Hij weet nog precies wat er de avond met de supporters gebeurde. "Mijn vrouw maakte me om kwart voor elf wakker. Ze zegt: de hond slaat aan. We dachten aan inbrekers. Ik ga naar beneden. Trek een jas van de kapstok, schiet mijn laarzen aan en trek de deur hard achter me dicht, want ik denk: als ik lawaai maak, dan zijn ze misschien pleiten. Ik zat niet op een confrontatie te wachten."
"Ik loop het pad af en zie een man of tien, een hoop herrie en kabaal toen ze me zagen. Intimiderend gedrag, net buiten mijn tuin.
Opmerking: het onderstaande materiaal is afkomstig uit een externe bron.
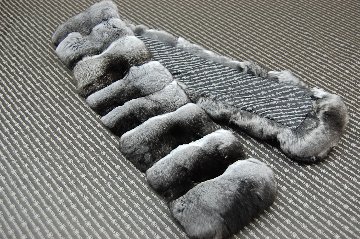 チンチラ　ロングマフラーの画像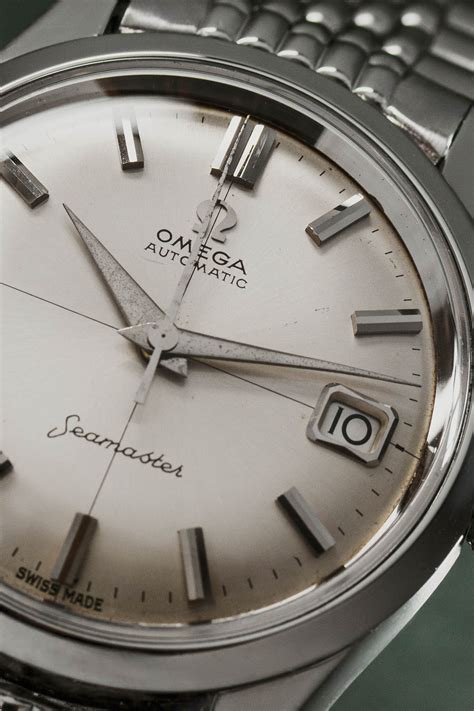 restore omega seamaster 14744|restoration of omega watches.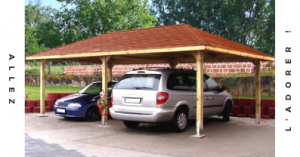 carport double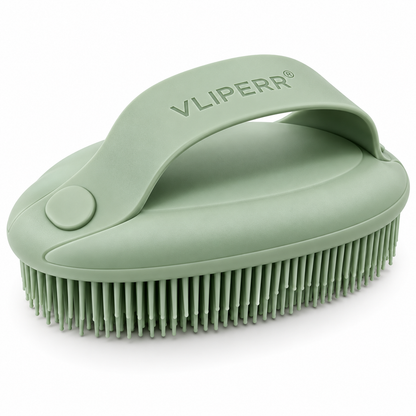 VLIPERR® BathBuddy Silicone Pet Shampoo & Massage Brush
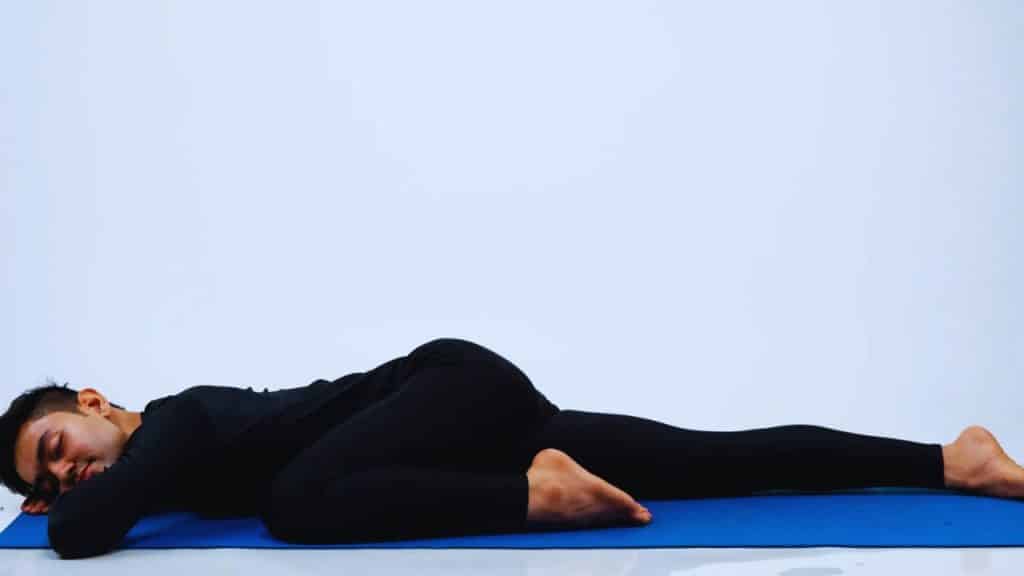 Makarasana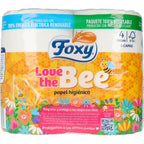Foxy Love The Bee Carta Igienica 3 Pli Morbidezza Naturale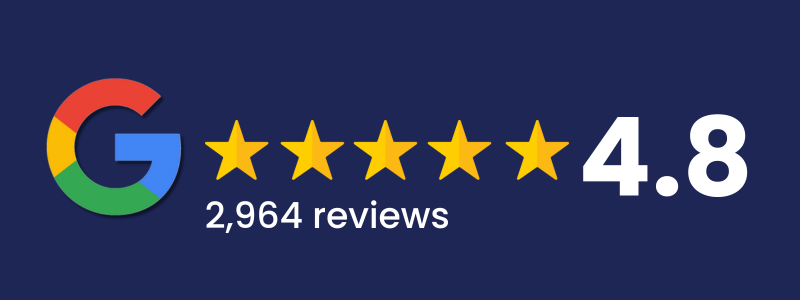 Google Review 5 stars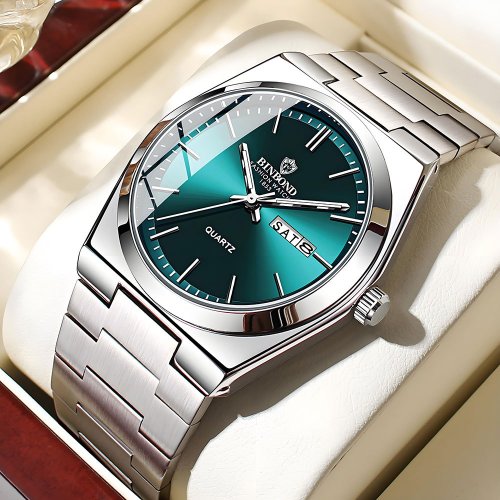 Imagen de Reloj Uthai Hombre: Elegancia y Funcionalidad en Acero Inoxidable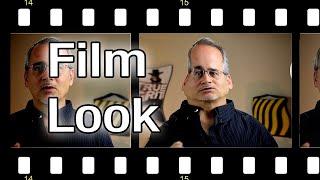 The Film Look Plus History - The Basic Filmmaker Ep 69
Ze begonnen allemaal op en neer te lopen. Eentje was er herkenbaar voor me. Ik bleef op een meter of tien van het hek. Hij zegt: 'Sturkenboom, wij komen jou waarschuwen. Jij moet oprotten uit de Arena want daar heb je niks te zoeken. Als je daar geen gehoor aan geeft dan hebben wij daar zo onze methodes voor. Wij schuwen niet om je gezin daarbij te betrekken. Heb je me verstaan?'"
Ook op de club zelf wordt hij gezocht, ditmaal op jeugdcomplex De Toekomst. "Later bleek dat het om dezelfde groep ging. Maar ik loop niet weg. Moet je luisteren, ik ben wel een vechter. Ik kan morgen ook oversteken en dan kunnen ze me kapot rijden. Ben ik er ook niet meer", besluit Sturkenboom tegenover het AD.